(Input data)

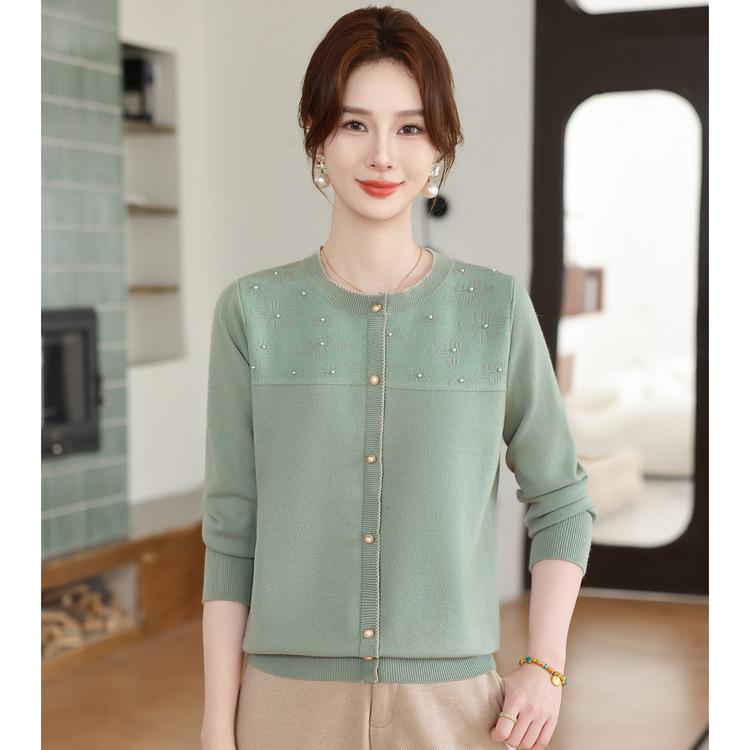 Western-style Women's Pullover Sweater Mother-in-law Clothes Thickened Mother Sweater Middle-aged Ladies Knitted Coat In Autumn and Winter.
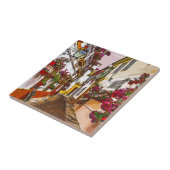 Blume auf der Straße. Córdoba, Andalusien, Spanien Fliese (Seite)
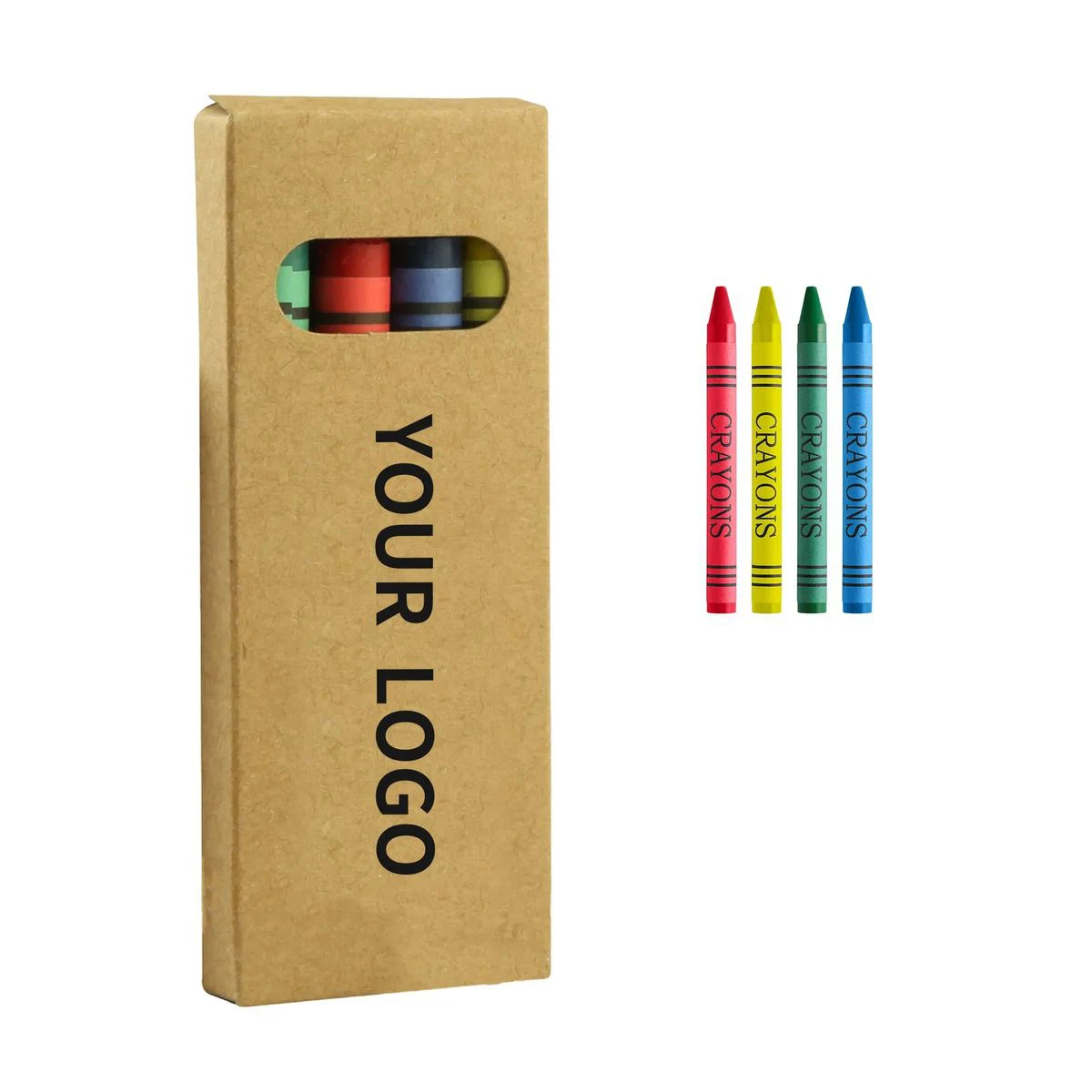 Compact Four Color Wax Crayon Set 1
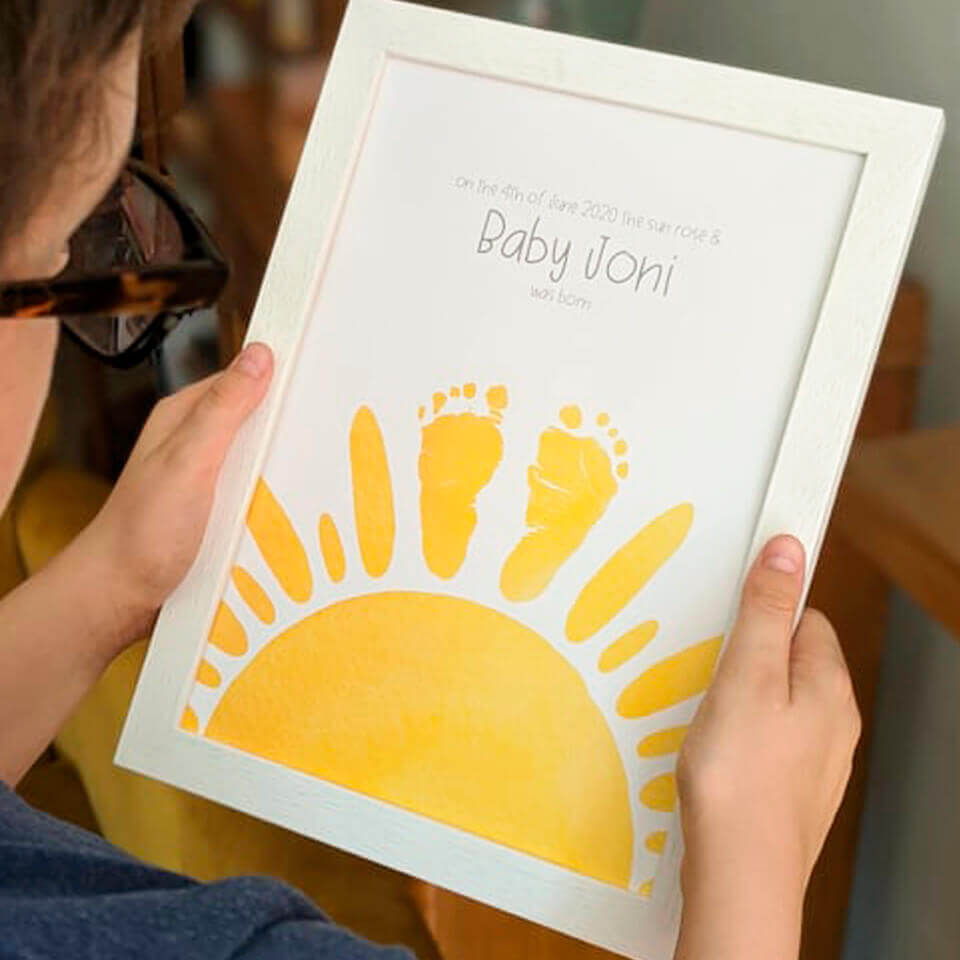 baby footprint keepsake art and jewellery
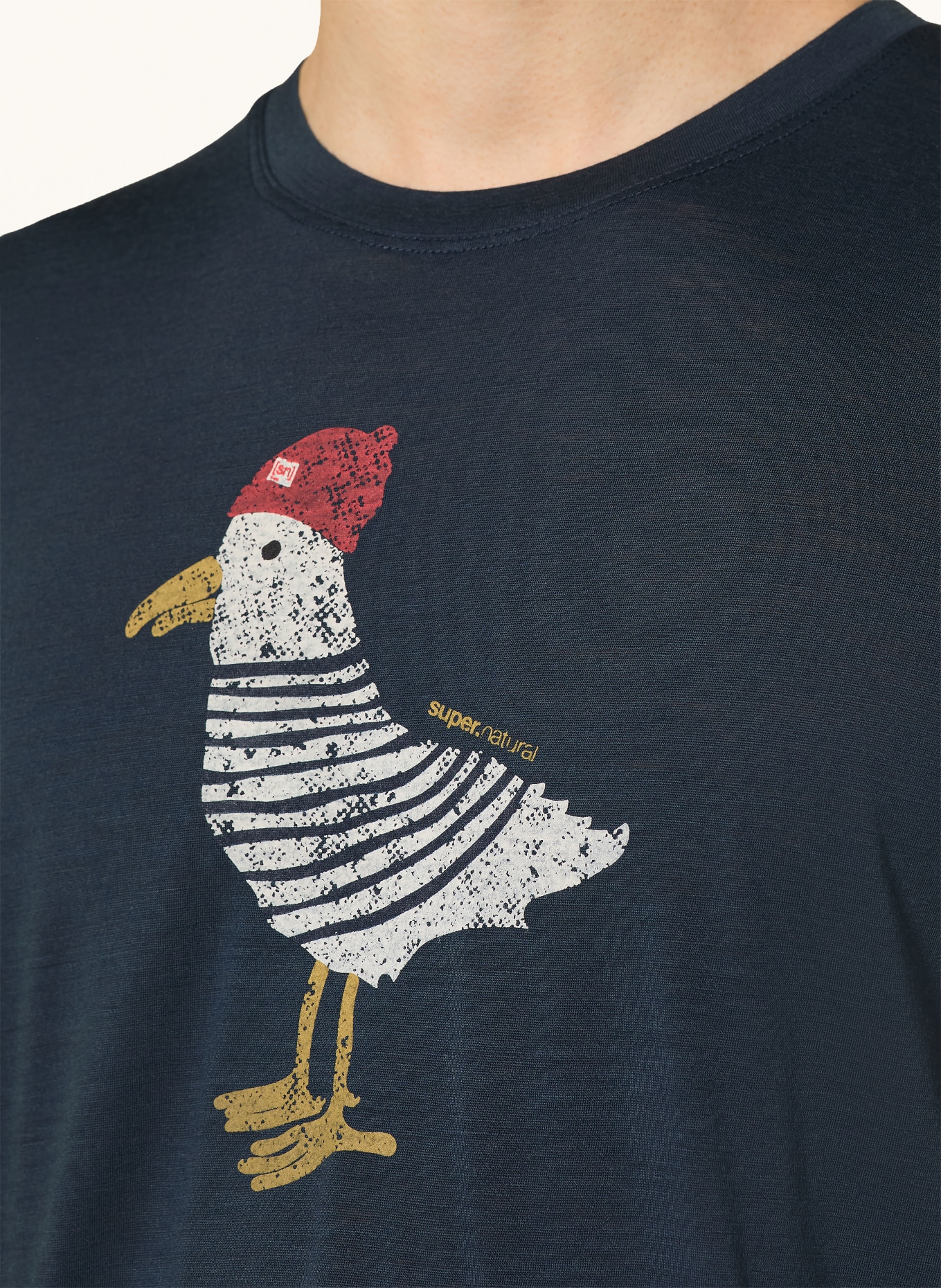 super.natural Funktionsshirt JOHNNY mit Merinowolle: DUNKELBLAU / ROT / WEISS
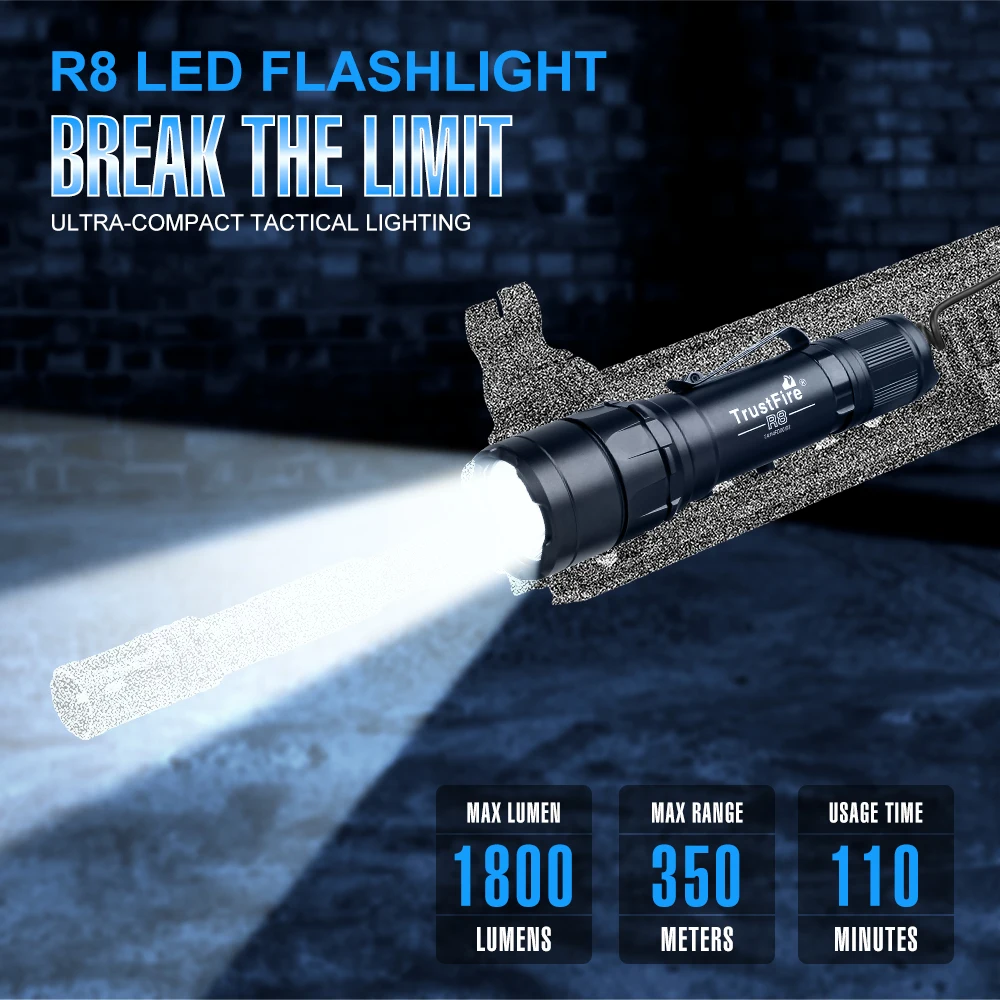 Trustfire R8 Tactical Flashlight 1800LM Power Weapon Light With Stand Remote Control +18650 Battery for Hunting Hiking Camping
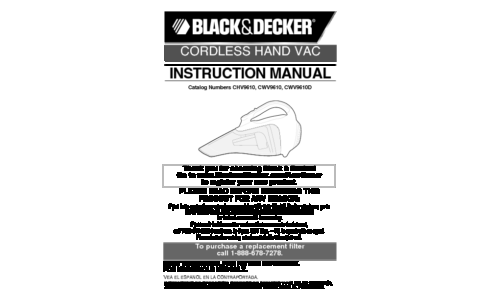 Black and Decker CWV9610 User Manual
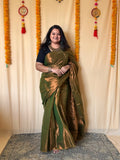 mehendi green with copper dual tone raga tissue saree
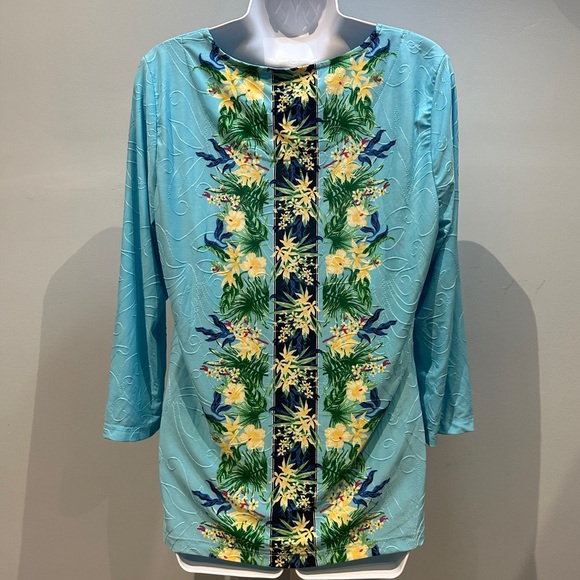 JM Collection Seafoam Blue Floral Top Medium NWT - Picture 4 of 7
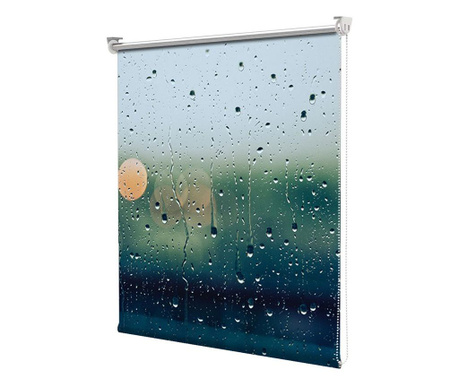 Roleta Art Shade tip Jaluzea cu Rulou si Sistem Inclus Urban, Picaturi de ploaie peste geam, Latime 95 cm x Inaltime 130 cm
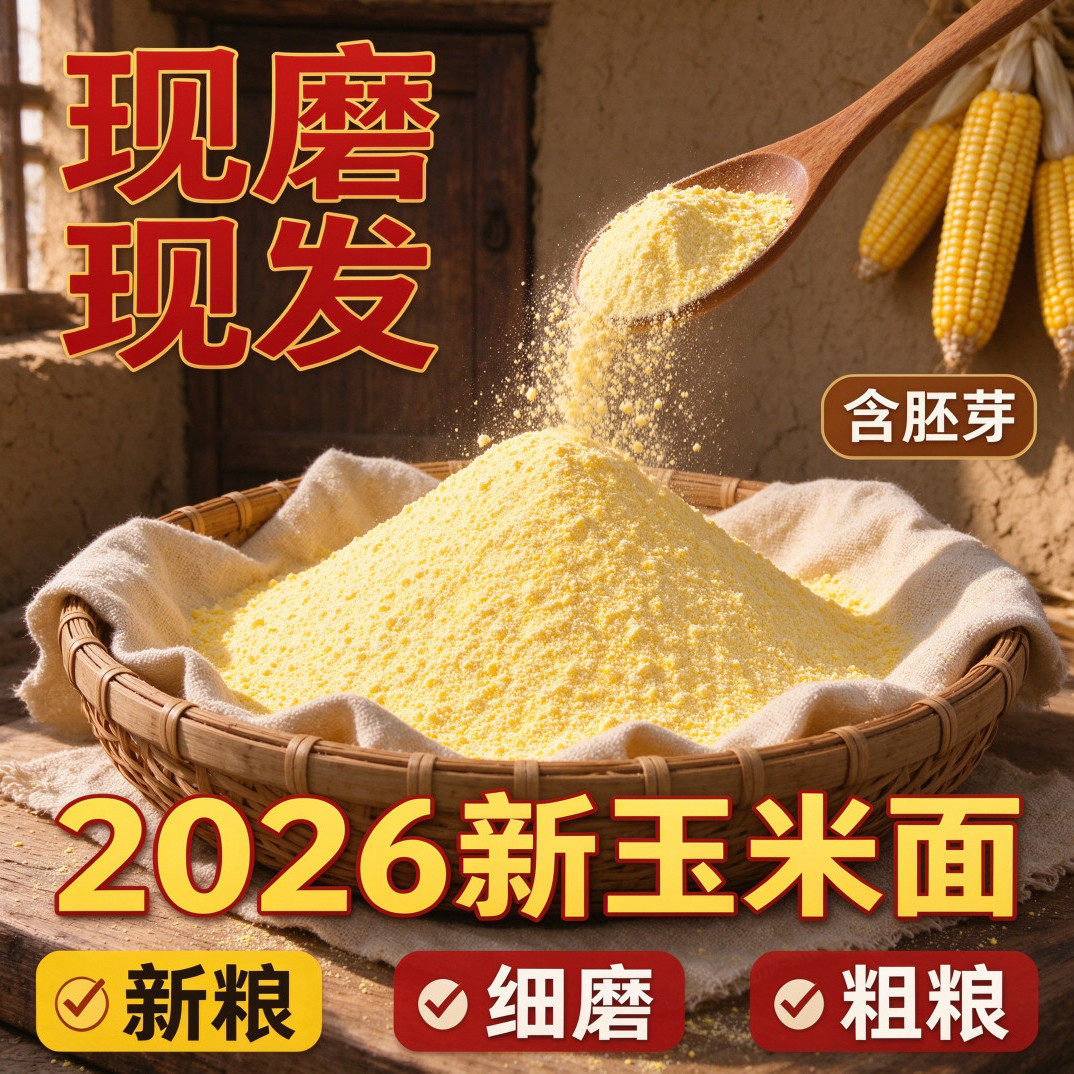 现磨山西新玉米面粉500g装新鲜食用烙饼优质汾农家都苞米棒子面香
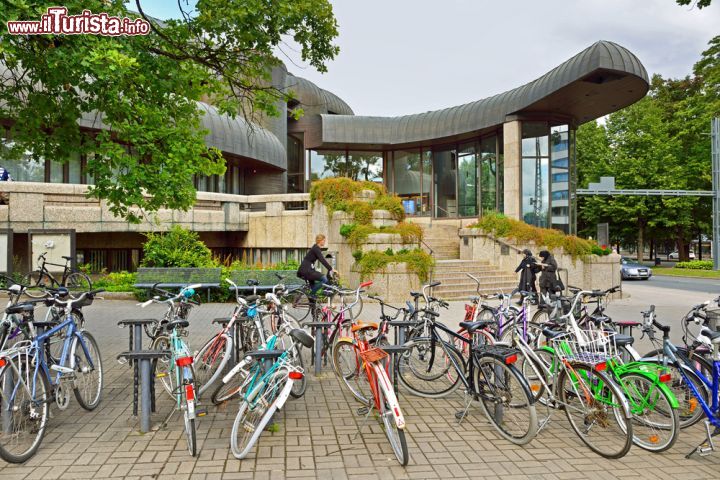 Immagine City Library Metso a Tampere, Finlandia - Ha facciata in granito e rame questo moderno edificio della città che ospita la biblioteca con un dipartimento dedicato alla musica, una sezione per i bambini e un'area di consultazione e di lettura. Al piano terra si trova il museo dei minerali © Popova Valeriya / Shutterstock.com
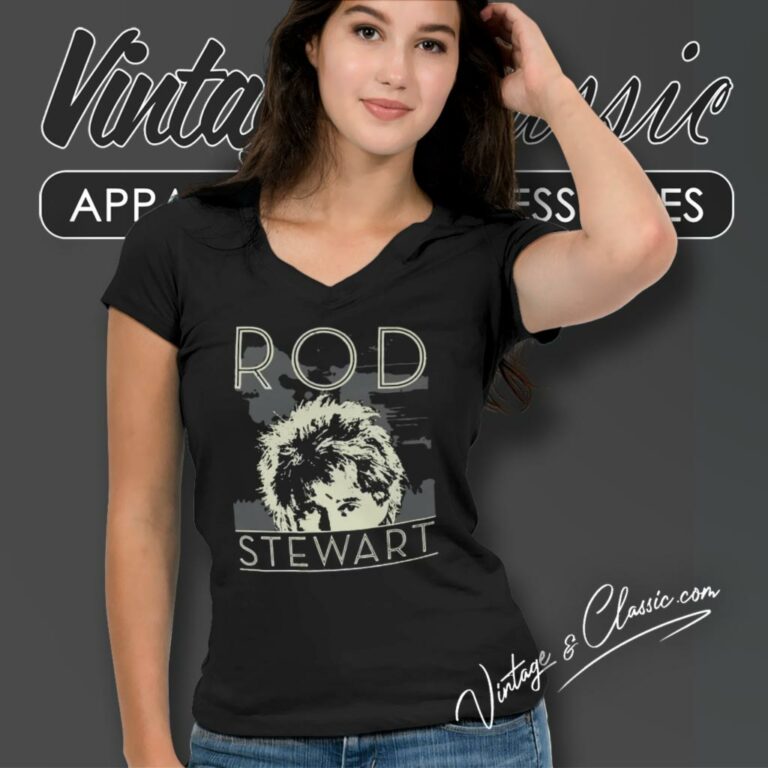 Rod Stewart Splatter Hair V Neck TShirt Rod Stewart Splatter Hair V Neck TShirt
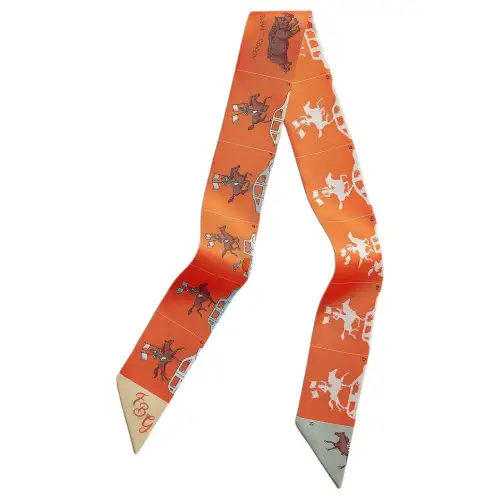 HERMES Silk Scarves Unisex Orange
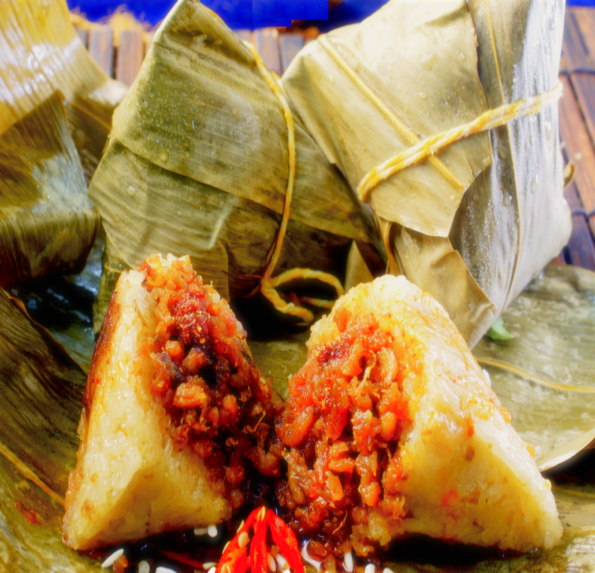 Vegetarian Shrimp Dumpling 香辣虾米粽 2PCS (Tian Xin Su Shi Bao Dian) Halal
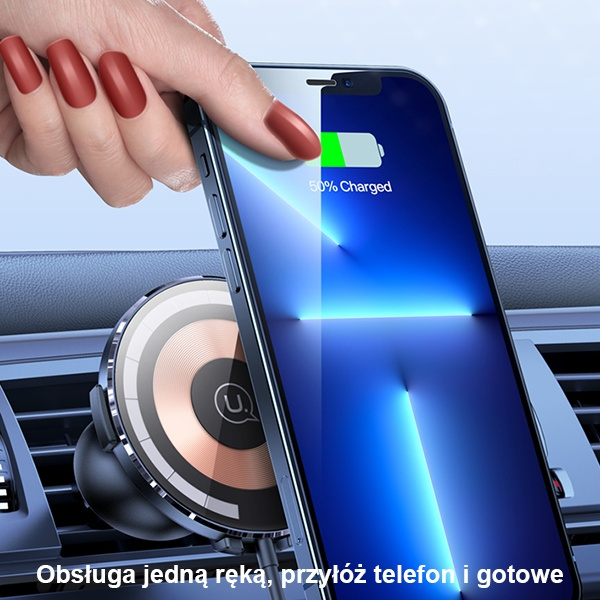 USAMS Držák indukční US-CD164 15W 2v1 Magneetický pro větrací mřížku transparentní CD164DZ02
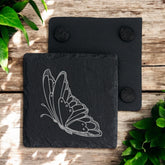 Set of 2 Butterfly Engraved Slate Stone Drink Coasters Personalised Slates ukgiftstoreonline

(End Input data)

== What this task involves ==
Reproduce the entire listing above precisely, but keep the images out.

== Exercise response ==
 Western-style Women's Pullover Sweater Mother-in-law Clothes Thickened Mother Sweater Middle-aged Ladies Knitted Coat In Autumn and Winter.
 Blume auf der Straße. Córdoba, Andalusien, Spanien Fliese (Seite)
 Compact Four Color Wax Crayon Set 1
 baby footprint keepsake art and jewellery
 super.natural Funktionsshirt JOHNNY mit Merinowolle: DUNKELBLAU / ROT / WEISS
 Trustfire R8 Tactical Flashlight 1800LM Power Weapon Light With Stand Remote Control +18650 Battery for Hunting Hiking Camping
 Black and Decker CWV9610 User Manual
 mehendi green with copper dual tone raga tissue saree
 JM Collection Seafoam Blue Floral Top Medium NWT - Picture 4 of 7
 Roleta Art Shade tip Jaluzea cu Rulou si Sistem Inclus Urban, Picaturi de ploaie peste geam, Latime 95 cm x Inaltime 130 cm
 现磨山西新玉米面粉500g装新鲜食用烙饼优质汾农家都苞米棒子面香
 Immagine City Library Metso a Tampere, Finlandia - Ha facciata in granito e rame questo moderno edificio della città che ospita la biblioteca con un dipartimento dedicato alla musica, una sezione per i bambini e un'area di consultazione e di lettura. Al piano terra si trova il museo dei minerali © Popova Valeriya / Shutterstock.com
 Rod Stewart Splatter Hair V Neck TShirt Rod Stewart Splatter Hair V Neck TShirt
 HERMES Silk Scarves Unisex Orange
 Vegetarian Shrimp Dumpling 香辣虾米粽 2PCS (Tian Xin Su Shi Bao Dian) Halal
 USAMS Držák indukční US-CD164 15W 2v1 Magneetický pro větrací mřížku transparentní CD164DZ02
 Set of 2 Butterfly Engraved Slate Stone Drink Coasters Personalised Slates ukgiftstoreonline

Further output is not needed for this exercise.